# R.f.c Ww1 Cockpit Watch



## clocksandwatched (Jul 25, 2013)

I have a very interesting WW1 aviation cockpit watch and wondered if anyone can help with identifying marks upon the movement? Essentially there is wooden and metal mount which has a screwed bezel into which the watch movement fits, I understand that the mount was fixed to the biplane cockpit and then the watch would be inserted into it after briefing and synchronisation. This is a particularly historical watch as it has a hallmarked silver plaque affixed to it which states 'Salved from a British Aeroplane Shot Down By The Turks, Salt Lake, Suvla Bay, Gallipoli. October 1915.'

I am attempting to get some information from an WW1 aviation site and it seems it may be possible to identify the aircraft which is quite exciting to say the least.
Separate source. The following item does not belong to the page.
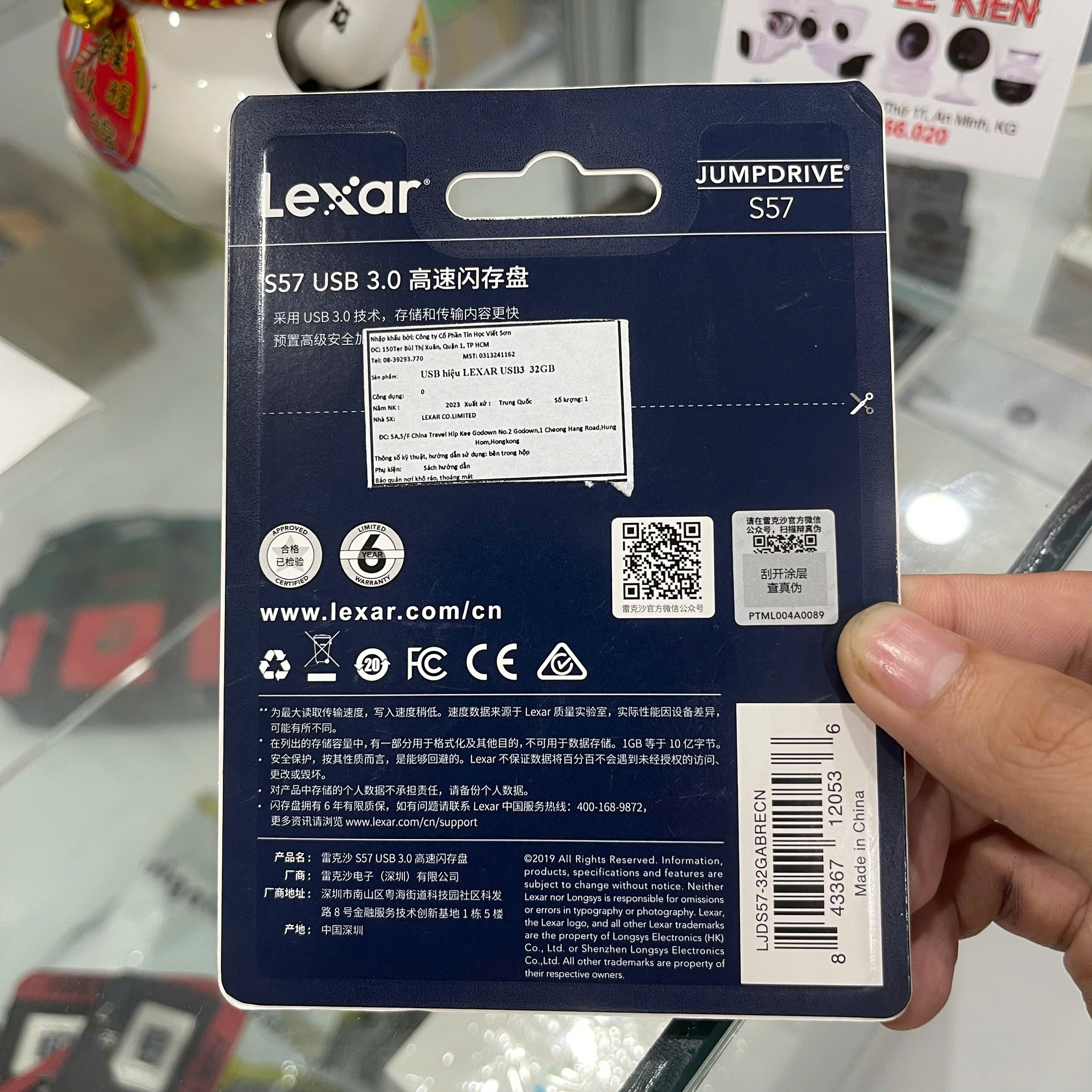 USB Lexar 32GB JumpDrive S57 USB 3.0 chính hãng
The movement itself is in a nickel case and runs for 8 days, it is fully jewelled and has a compensating balance wheel. On the backplate is inscribed

*A Swiss Cross then P.1103-D.R.P 17527 U.S.A.P 816321	*

I have put a few pictures below or you can see the album at http://s918.photobuc...hes/library/RFC

Any information you may be able to give re manufacture would be most appreciated and hope you find post interesting. Many Thanks Martyn


----------